Hardwoods get all the attention this time of year for their fall color but ask me and I say the prairies are just as colorful.
The full moon on November 14th, which coincided with perigee, resulted in the closest supermoon since 1948 promised to provide some excellent opportunity for lunar photographs. I set up in a prairie planting in anticipation of the rare event, hoping to capture some once in a lifetime images. Unfortunately, clouds obscured much of the moon that evening in my location. What do you do when you are all set up with camera gear then can’t get the conditions you want? You take pictures anyway. Here are some of the shots I took.
I used the moon to silhouette a senescing stem of big bluestem. After taking this shot I wondered how different it would look if the bluestem were illuminated.

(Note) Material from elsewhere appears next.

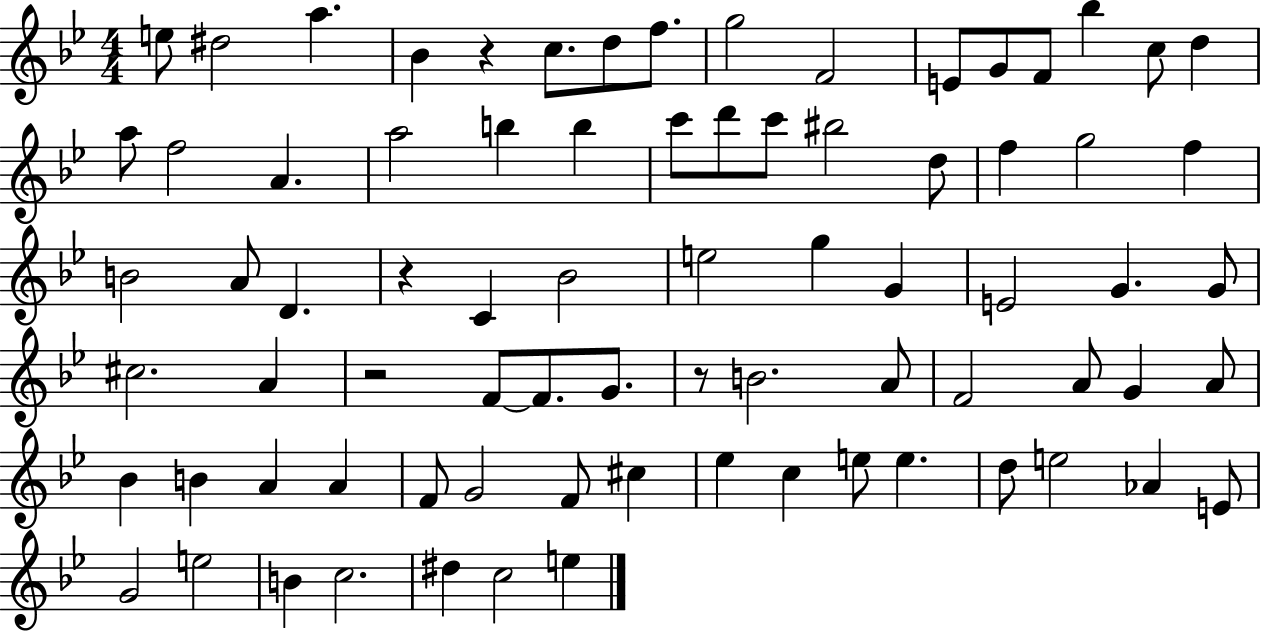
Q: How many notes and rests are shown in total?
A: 78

I can’t decide which one I like best. What do you think? After taking this shot I decided to experiment with a technique called light painting, where you use a light source to illuminate the foreground while the exposure is being made. You can come up with some interesting results using this technique.
Not to be denied a lunar image, a couple of nights later, under clear skies, I got a shot of the waning gibbous moon. It’s not the supermoon, but it’s pretty good. I call it Perigee Minus 2.
Don’t let the weather keep you out of the prairies. Get out there and enjoy their beauty, regardless of the conditions there is always something picture worthy.